SOUTH LAKE TAHOE, Calif. — “Snow equity.” It’s the term ski industry analysts have coined to refer to the strong correlation among snowfall, resulting media coverage and the impacts of both on visitation.
If you stood in a Tahoe Basin resort lift line at any point this winter, you probably noticed a few more folks back on the slopes than in recent drought-plagued years.
Figures from the National Ski Areas Association and Denver-based ski industry lodging analysts DestiMetrics released in May illustrate just how significant the impact of this year’s El Niño was on the West.
“Snow came to the rescue in the Far West,” DestiMetrics director of operations Tom Foley said.
According to preliminary data from the NSAA, to which U.S. ski areas annually report visits and other information, visits for the southwest region (California, Nevada and Arizona) increased by 53.1 percent over the previous year, reaching a total of 7.38 million.
The Pacific Northwest saw a staggering 141.5 percent boost to 4.83 million visits. Nationwide total visits reached 53,925,300, only a 0.6 percent increase over the previous year.
“It’s especially encouraging to see how strongly California roared back from four straight bad seasons of drought,” NSAA president Michael Berry said in a news release. “Our skiers and boarders came back this season with a vengeance.”
‘NEARLY A RECORD YEAR’
Foley said, at least anecdotally, it appears some East Coasters opted to pass over Colorado in favor of destinations farther west in part due to substantial media coverage related to El Niño — and cheaper lodging options.
Visits in the Northeast were also down 28.1 percent, largely a credit to a lower snow year there.
Rocky Mountain visitation increased by 7.6 percent. The marginal increase, however, still equates to a staggering 22.35 million visits when compared to the West.
While not quite as dramatic, lodging numbers also showed a significant increase, according to DestiMetrics.

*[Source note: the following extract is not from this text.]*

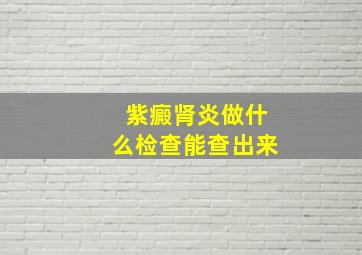 紫癜肾炎做什么检查能查出来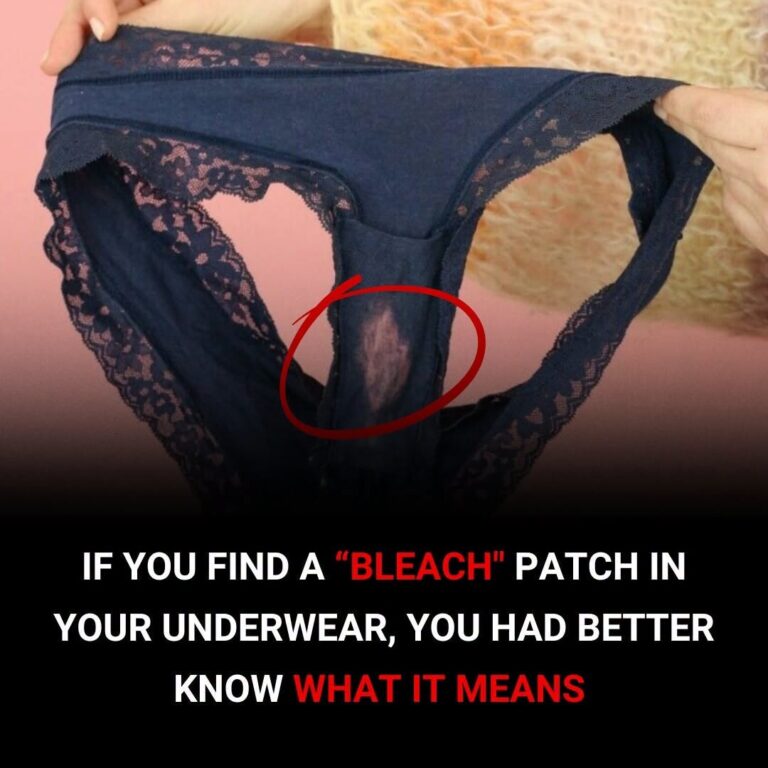 What a “Bleach” Patch on Your Underwear Means and When to Pay Attention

Foley said far western destination lodging increased 27 percent over the previous season.
“It’s measured against a miserable year,” Foley clarified, adding, however, that it was also near record occupancy.
Since the company began close measurements of lodging properties in 2005, 47.5 percent occupancy was the record for the Far West. This year the region reached 47 percent.
“It’s very nearly a record year in and of itself,” he said.
LOOKING AHEAD TO NEXT WINTER
Speaking to local indicators, Lake Tahoe Visitors Authority executive director Carol Chaplin said, “Winter ended strong.”
The LTVA reported that California revenue was up 14 percent and Nevada was up 20 percent for the South Shore in March.
Regarding local business, Lake Tahoe South Shore Chamber of Commerce president B Gorman said, “Business levels were greatly improved over the past four drought winters with some businesses reporting they were at or above pre-recession levels. This was particularly true for the businesses in and around Heavenly Village.”
DestiMetrics reported that the entire West set occupancy and lodging revenue records, up 4.4 and 5.2 percent respectively.
Earlier in the season, the city of South Lake Tahoe reported a 43.35 percent year-over-year increase in tourism occupancy tax revenue for the month of December.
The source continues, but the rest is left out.